Four classical diffraction algorithms are summarized in this paper: the double Fresnel transform [8] (DBFT), the scaled angular spectrum method [10] (SASM), the shifted Fresnel diffraction [11] (SFD), and the matrix product angular spectrum method [14] (MPASM). Their sampling conditions are analyzed and compared, which is helpful when selecting the appropriate diffraction algorithm according to specific simulation conditions to avoid aliasing.
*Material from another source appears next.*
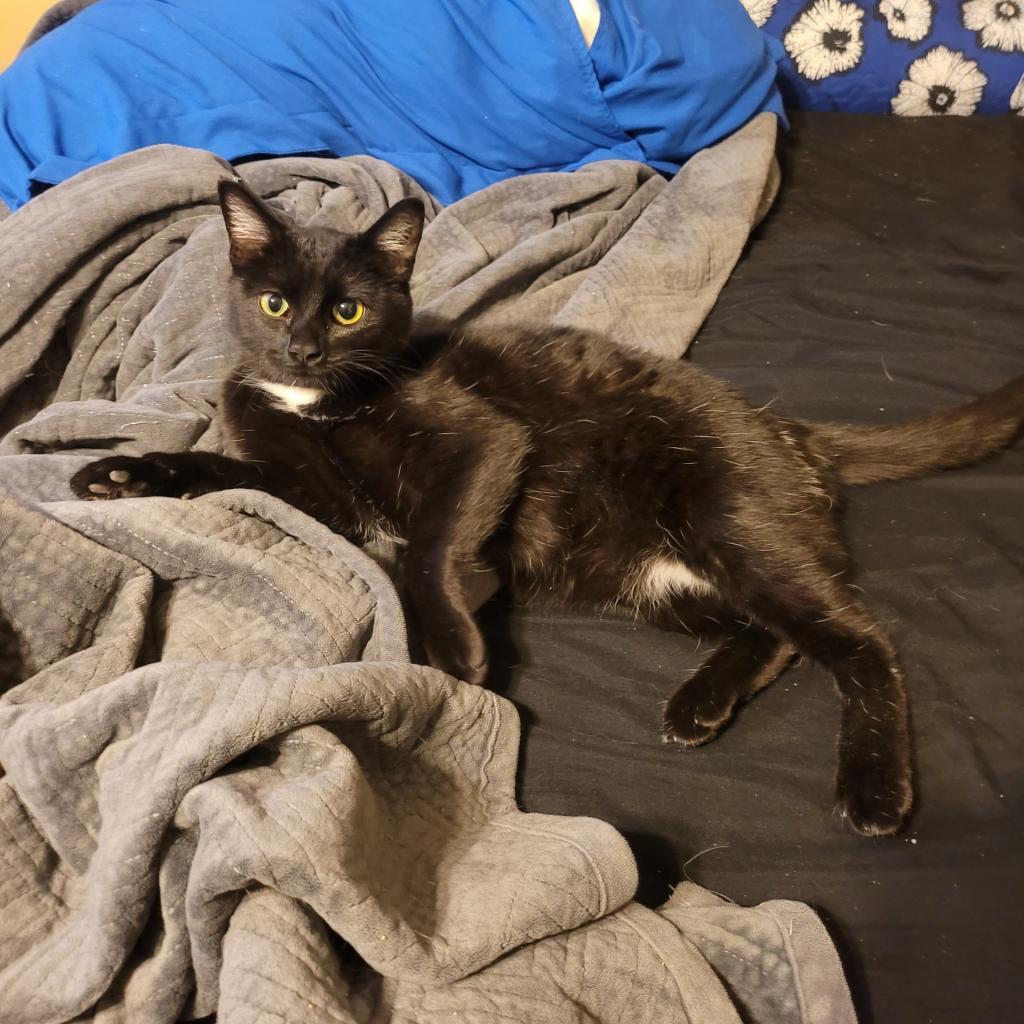 Sadie Jane, a Adoptable Domestic Short Hair in St. Peters, MO image 2/3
As a result, when using them, people often encounter aliasing due to inappropriate parameters, but do not know where and how to adjust them. Next, this paper briefly introduces the principles and analyzes the sampling conditions for each algorithm, and finally summarizes and compares them to provide important references.

2. Methods

Generally, in the diffraction equation, if the phase factors in the Fourier transform term do not satisfy the sampling conditions, the amplitude distribution of the simulated diffraction result will be aliased, and if the phase factors outside the Fourier transform term do not satisfy the sampling conditions, the phase distribution of the simulated diffraction result will be aliased. In display applications, while only the amplitude distribution of the diffracted result is considered, the phase factors outside the Fourier transform term are often ignored. Yet, for a specific diffraction algorithm, it is also necessary to specifically analyze which phase factors are related to the amplitude and which are related to the phase in the target plane before making a choice.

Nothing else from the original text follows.